** Entries shown follows **

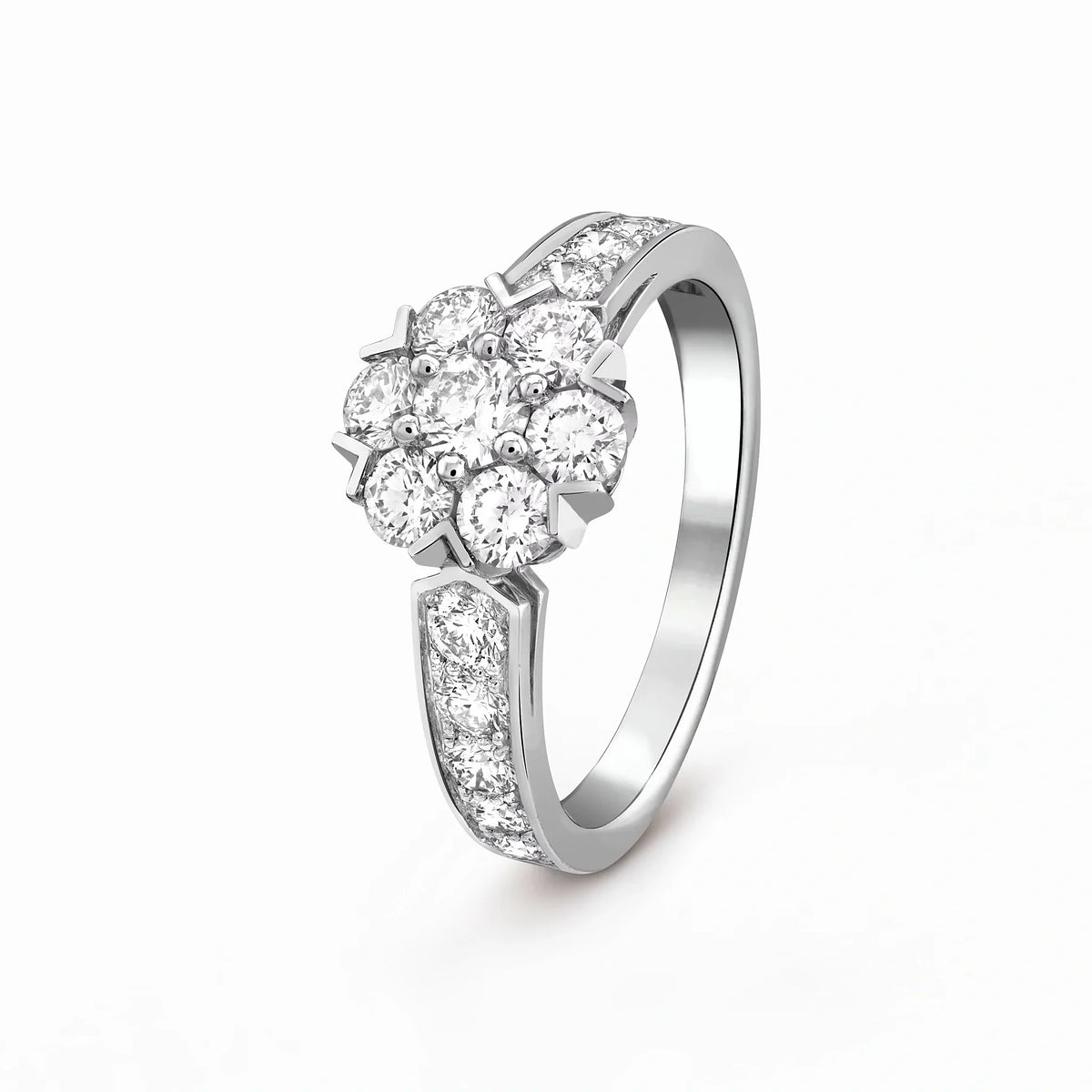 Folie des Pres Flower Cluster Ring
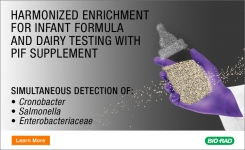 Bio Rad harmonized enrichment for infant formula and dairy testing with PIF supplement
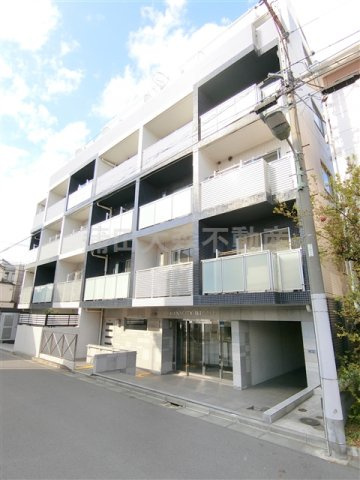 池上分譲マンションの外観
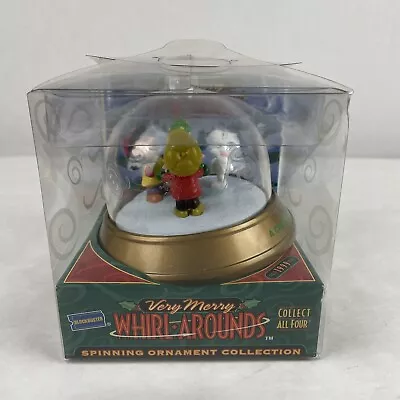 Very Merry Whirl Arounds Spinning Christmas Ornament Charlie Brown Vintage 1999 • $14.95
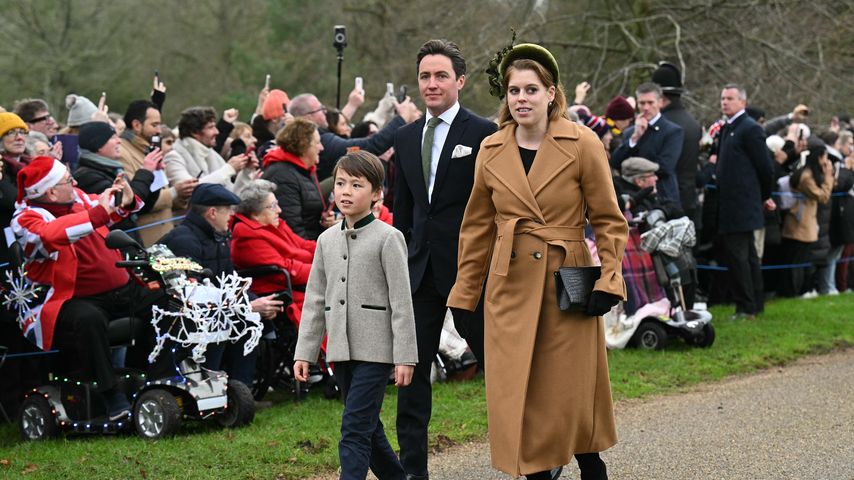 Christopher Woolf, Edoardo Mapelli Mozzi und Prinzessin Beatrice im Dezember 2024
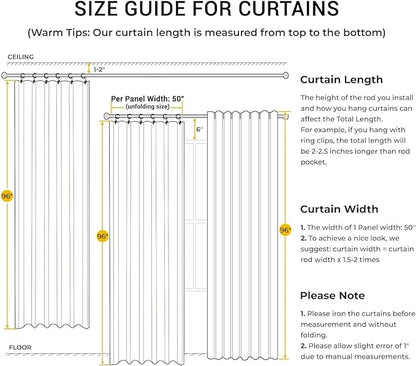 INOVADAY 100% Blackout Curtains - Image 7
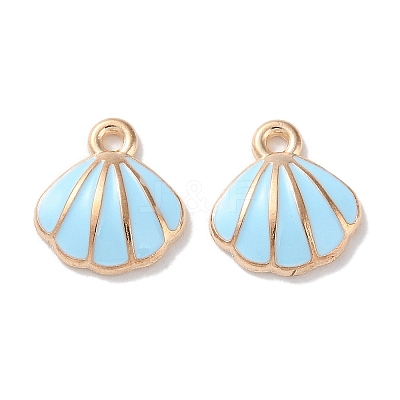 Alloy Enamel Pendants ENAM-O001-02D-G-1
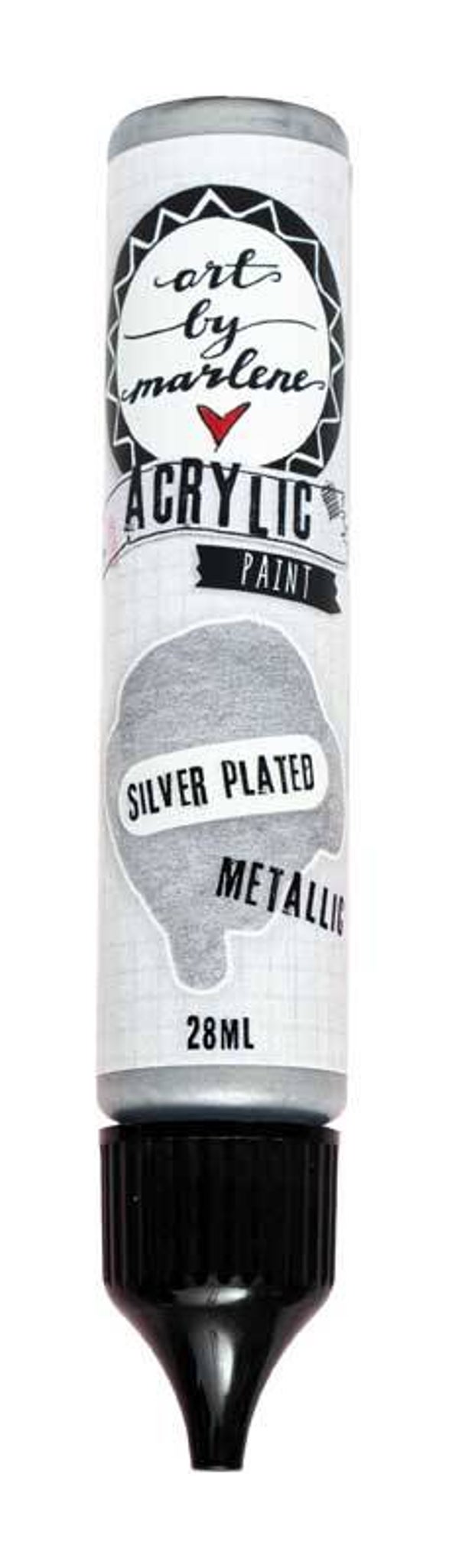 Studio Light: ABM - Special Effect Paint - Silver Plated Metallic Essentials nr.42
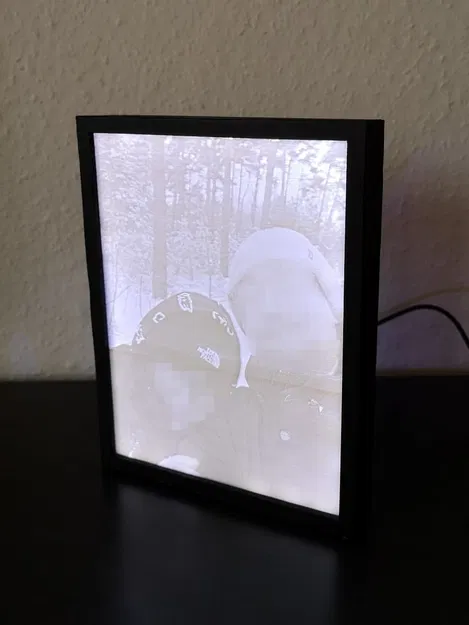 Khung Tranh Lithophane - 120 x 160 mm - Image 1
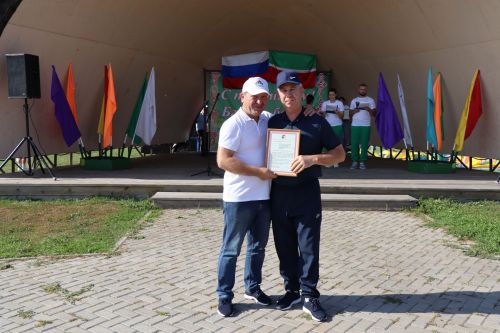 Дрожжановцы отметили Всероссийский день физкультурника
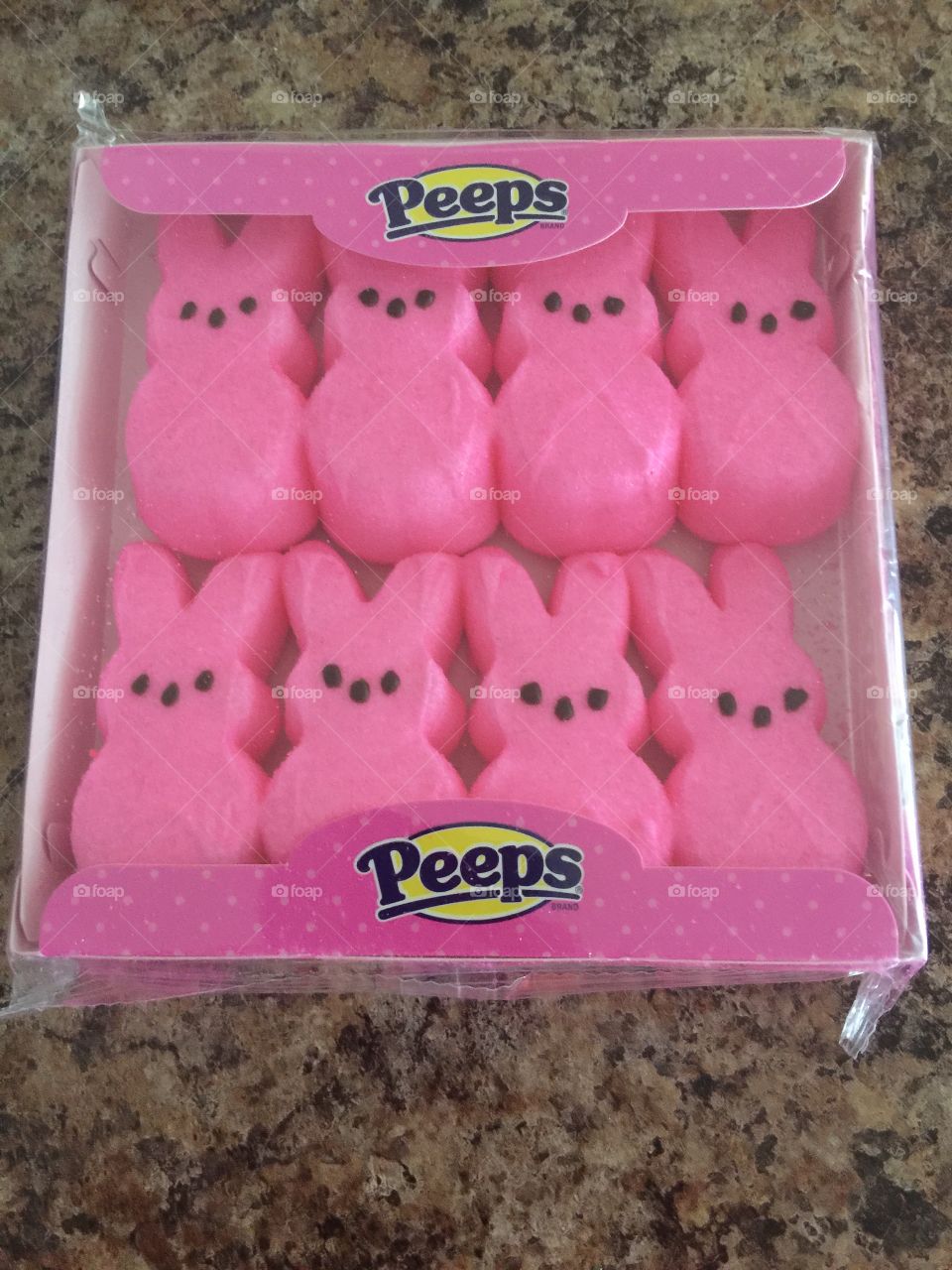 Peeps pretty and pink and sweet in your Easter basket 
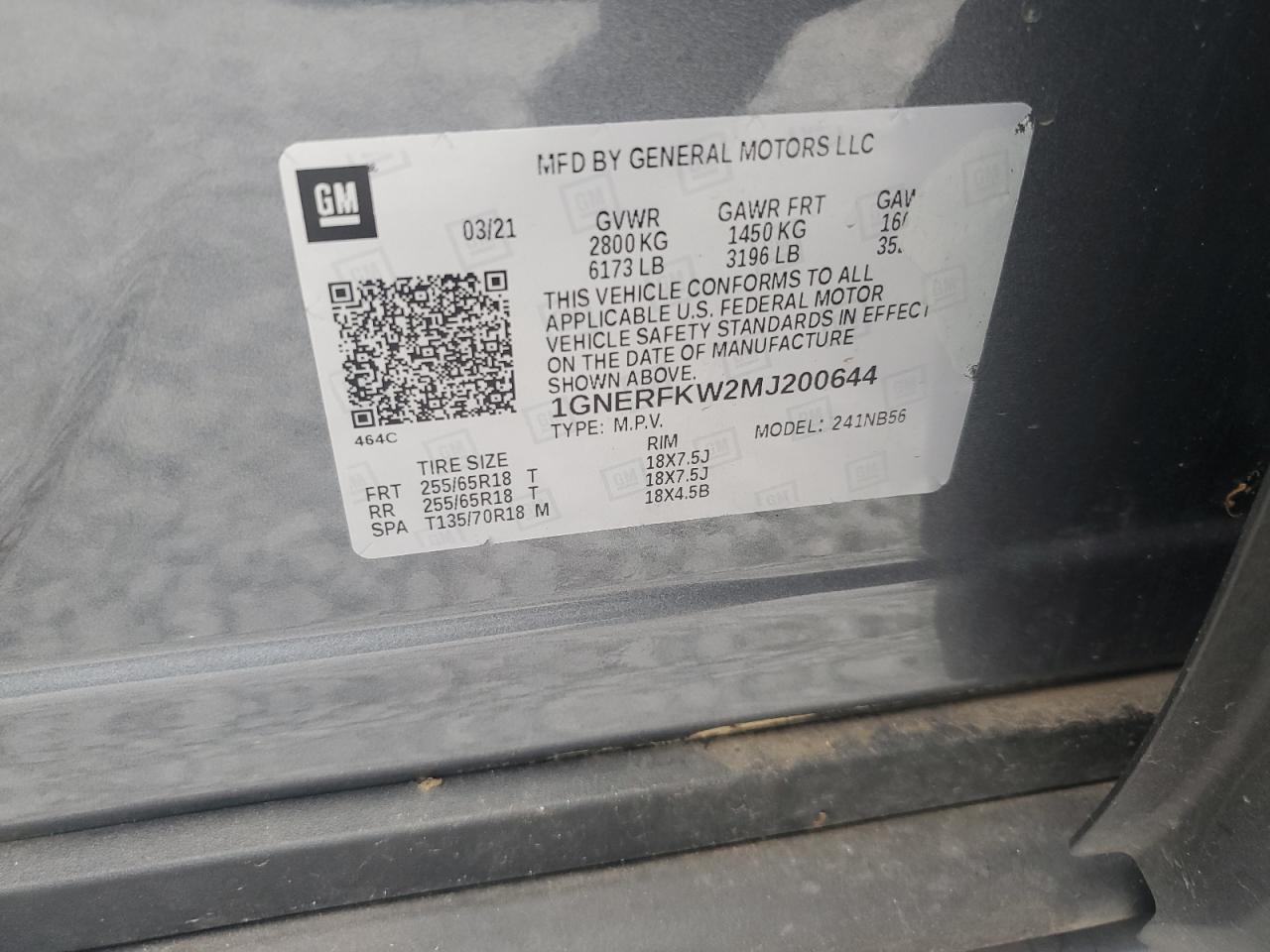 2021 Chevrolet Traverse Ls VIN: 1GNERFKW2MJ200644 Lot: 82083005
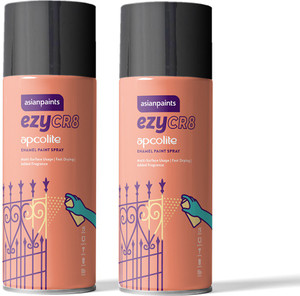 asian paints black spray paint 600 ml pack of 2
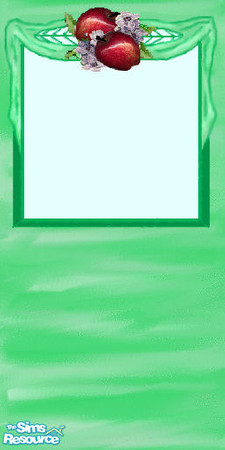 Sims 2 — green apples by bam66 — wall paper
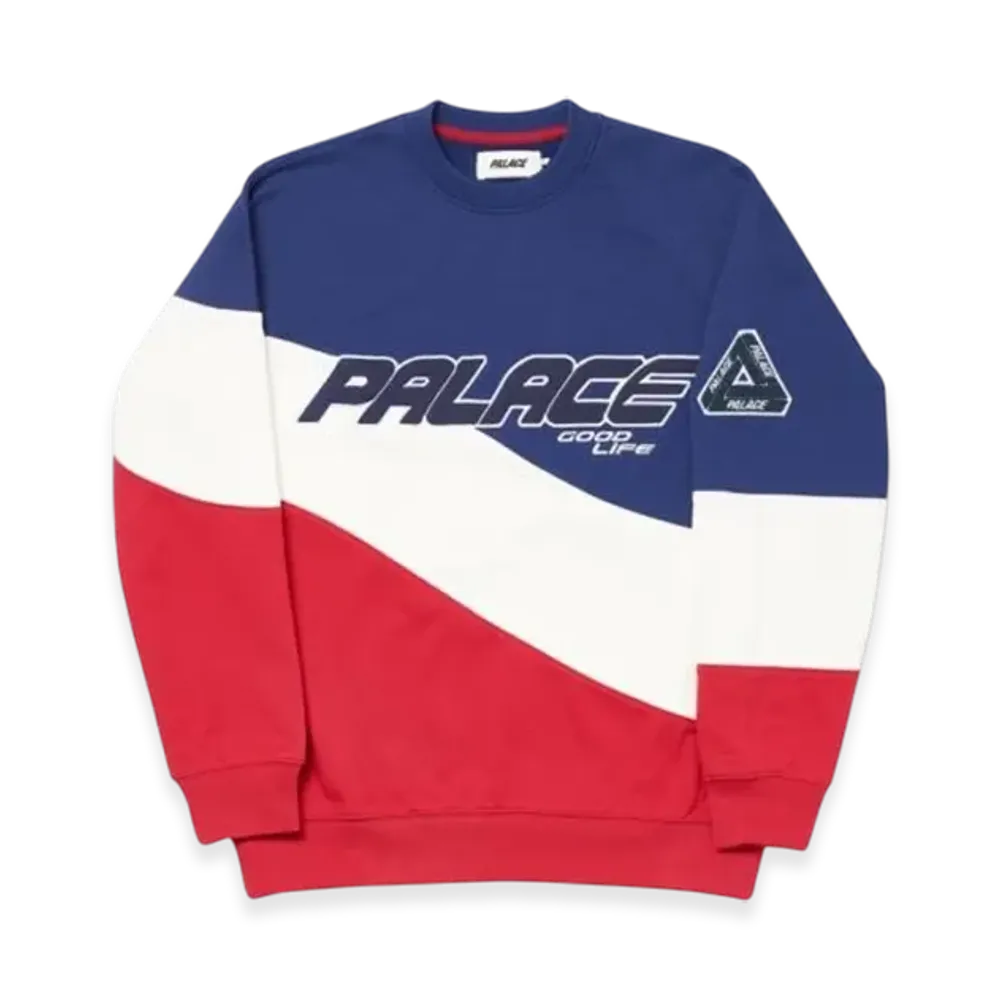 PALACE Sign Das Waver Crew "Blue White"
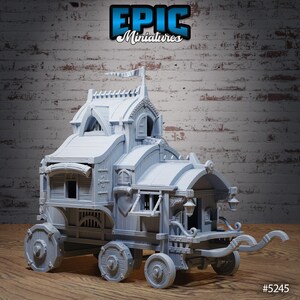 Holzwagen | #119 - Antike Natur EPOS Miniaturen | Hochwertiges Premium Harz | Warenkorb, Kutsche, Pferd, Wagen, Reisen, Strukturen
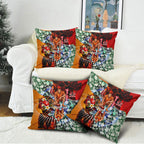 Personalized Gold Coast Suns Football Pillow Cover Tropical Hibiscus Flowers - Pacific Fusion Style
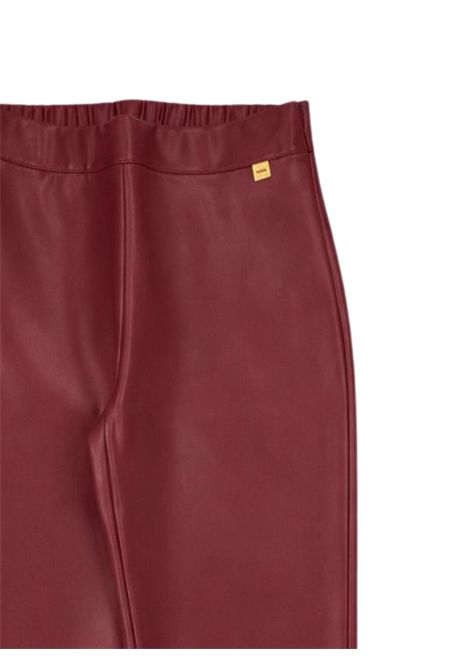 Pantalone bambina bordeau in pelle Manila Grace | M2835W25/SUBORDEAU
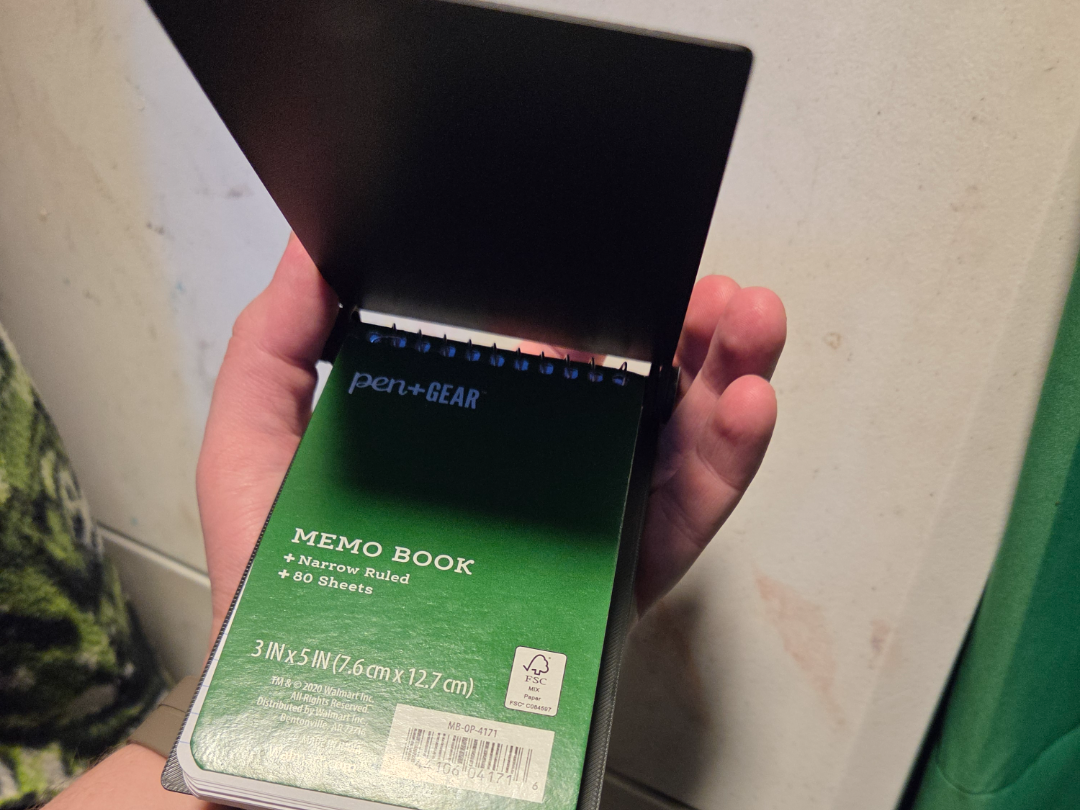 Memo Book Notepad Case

** End of Entries shown **

Your instructions.
Everything from the line with "池上分譲マンションの外観" through the end of the records above, both ends included, is to be reproduced exactly, and nothing outside that span; the pictures are to be dropped.

Task response.
 池上分譲マンションの外観
 Very Merry Whirl Arounds Spinning Christmas Ornament Charlie Brown Vintage 1999 • $14.95
 Christopher Woolf, Edoardo Mapelli Mozzi und Prinzessin Beatrice im Dezember 2024
 INOVADAY 100% Blackout Curtains - Image 7
 Alloy Enamel Pendants ENAM-O001-02D-G-1
 Studio Light: ABM - Special Effect Paint - Silver Plated Metallic Essentials nr.42
 Khung Tranh Lithophane - 120 x 160 mm - Image 1
 Дрожжановцы отметили Всероссийский день физкультурника
 Peeps pretty and pink and sweet in your Easter basket 
 2021 Chevrolet Traverse Ls VIN: 1GNERFKW2MJ200644 Lot: 82083005
 asian paints black spray paint 600 ml pack of 2
 Sims 2 — green apples by bam66 — wall paper
 PALACE Sign Das Waver Crew "Blue White"
 Holzwagen | #119 - Antike Natur EPOS Miniaturen | Hochwertiges Premium Harz | Warenkorb, Kutsche, Pferd, Wagen, Reisen, Strukturen
 Personalized Gold Coast Suns Football Pillow Cover Tropical Hibiscus Flowers - Pacific Fusion Style
 Pantalone bambina bordeau in pelle Manila Grace | M2835W25/SUBORDEAU
 Memo Book Notepad Case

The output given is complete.